FINDINGS AND REASONS
Nationality
On the basis of the applicant’s Chinese passport presented at the hearing, the Tribunal finds that the applicant is a citizen of China. There is nothing in the evidence before the Tribunal to suggest that the applicant has a right to enter and reside in any country other than China. Therefore the Tribunal finds that the applicant is not excluded from Australia’s protection by subsection 36(3) of the Act. As the Tribunal has found that the applicant is a national of China, the Tribunal also finds that China is the applicant’s “receiving country” for the purposes of s.36(2)(aa).
S.48A
During the hearing the Tribunal discussed with the applicant the operation of s.48A in relation to his current application. As noted above, the delegate’s decision record indicates the applicant’s first protection visa application was refused [in] March 2010, which is prior to the commencement of the complementary protection provisions on 24 March 2012.
Section 48A imposes a bar on a non-citizen making a further application for a protection visa while in the migration zone in circumstances where the non-citizen has made an application for a protection visa which has been refused. The Full Federal Court in SZGIZ v MIAC (2013) 212 FCR 235 has held at [38] that the operation of s.48A, as it stood at the time of this visa application, is confined to the making of a further application for a protection visa which duplicates an earlier unsuccessful application for a protection visa, in the sense that both applications raise the same essential criterion for the grant of a protection visa.
On the evidence before it the Tribunal finds that the applicant’s first protection visa application was refused [in] March 2010 because the applicant did not satisfy the Refugee Convention criteria. Applying the reasoning in SZGIZ v MIAC (2013) 212 FCR 235, the Tribunal finds it does not have power to consider the Refugee Convention criterion in s.36(2)(a), and has proceeded on the basis that it can only consider the applicant’s claims under the complementary protection provisions in s.36(2)(aa) of the Act.
Complementary protection
Credibility
During the hearing the Tribunal discussed with the applicant his background, education, employment and family composition. The applicant gave generally consistent oral evidence to that provided to the Department in his current and previous protection visa applications as well as the evidence provided during the previous RRT review application. The Tribunal is concerned the applicant raised new claims, failed to mention a number of matters previously claimed, and changed his oral evidence in repose to further questioning during the hearing. The Tribunal is concerned the applicant has exaggerated or fabricated some of his claims in order to strengthen his application. The details are discussed below.

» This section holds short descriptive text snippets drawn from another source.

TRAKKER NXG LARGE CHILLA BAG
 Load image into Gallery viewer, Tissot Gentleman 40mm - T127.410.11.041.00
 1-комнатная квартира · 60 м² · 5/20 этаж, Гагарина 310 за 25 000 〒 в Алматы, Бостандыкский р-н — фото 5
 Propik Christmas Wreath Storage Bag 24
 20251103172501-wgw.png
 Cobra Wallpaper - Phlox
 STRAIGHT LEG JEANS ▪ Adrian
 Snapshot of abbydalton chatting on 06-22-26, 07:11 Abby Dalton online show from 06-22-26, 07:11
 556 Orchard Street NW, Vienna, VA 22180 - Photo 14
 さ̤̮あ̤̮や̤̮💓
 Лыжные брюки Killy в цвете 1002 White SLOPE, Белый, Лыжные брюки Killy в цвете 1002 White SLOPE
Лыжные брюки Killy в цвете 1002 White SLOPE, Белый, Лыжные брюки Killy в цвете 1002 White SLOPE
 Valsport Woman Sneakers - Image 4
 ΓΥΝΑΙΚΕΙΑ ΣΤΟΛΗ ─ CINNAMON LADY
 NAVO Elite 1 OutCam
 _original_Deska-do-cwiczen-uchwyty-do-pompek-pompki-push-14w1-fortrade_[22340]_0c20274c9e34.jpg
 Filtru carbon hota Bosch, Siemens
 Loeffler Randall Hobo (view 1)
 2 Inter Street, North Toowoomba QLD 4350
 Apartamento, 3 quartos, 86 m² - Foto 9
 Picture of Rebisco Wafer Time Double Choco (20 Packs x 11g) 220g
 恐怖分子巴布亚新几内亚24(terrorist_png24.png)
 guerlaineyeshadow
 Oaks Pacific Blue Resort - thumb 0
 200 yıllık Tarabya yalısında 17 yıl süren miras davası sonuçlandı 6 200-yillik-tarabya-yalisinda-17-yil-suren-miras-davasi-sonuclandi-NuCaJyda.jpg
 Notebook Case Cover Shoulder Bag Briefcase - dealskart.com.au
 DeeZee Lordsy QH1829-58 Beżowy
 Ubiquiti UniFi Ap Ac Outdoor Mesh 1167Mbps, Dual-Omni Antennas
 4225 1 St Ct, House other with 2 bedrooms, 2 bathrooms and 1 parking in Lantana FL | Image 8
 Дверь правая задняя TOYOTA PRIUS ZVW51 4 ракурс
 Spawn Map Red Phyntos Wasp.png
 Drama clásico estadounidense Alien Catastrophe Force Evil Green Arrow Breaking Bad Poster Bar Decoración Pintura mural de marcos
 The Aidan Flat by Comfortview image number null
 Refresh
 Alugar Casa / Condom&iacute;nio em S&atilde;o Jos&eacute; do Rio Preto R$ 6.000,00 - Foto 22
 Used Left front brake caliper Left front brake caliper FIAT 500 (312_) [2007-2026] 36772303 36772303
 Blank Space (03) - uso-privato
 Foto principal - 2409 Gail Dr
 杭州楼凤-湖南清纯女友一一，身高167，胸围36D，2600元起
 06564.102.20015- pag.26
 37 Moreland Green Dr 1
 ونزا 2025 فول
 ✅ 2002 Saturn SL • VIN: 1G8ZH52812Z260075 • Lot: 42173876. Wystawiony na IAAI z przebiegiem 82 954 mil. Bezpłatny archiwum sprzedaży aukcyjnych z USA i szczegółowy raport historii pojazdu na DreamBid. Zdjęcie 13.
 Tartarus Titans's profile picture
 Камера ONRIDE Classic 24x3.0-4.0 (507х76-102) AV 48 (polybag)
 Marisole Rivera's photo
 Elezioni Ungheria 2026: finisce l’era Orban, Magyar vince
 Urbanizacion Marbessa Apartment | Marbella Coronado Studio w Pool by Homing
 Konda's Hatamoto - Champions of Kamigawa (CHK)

The Tribunal discussed with the applicant his initial interest and exposure to Christianity and how his faith developed. The applicant provided generally consistent oral evidence to most of his written statement and to the information and evidence he had previously provided to the Department and the RRT.
During the hearing the applicant displayed a level of knowledge of the Christian Bible and some of the tenants of the Christian faith. On the basis of that evidence the Tribunal accepts the applicant was introduced to Christianity as a young child by his mother. The Tribunal accepts the applicant began attending an underground Christian Church in China from 2003 once a week, where about ten people would attend, and they would meet at different locations. The applicant told the Tribunal he would sometimes attend Thursday evening meetings. Whilst initially omitted from his oral evidence the Tribunal also accepts the applicant was baptised in China in 2005. When asked what else the applicant did in relation to his religious practice in China, the applicant told the Tribunal that in China he did not have a good understanding about the Bible but did share some of his opinions about the Bible with his class mates at [a stage of] school, which he attended between 2003 and 2005.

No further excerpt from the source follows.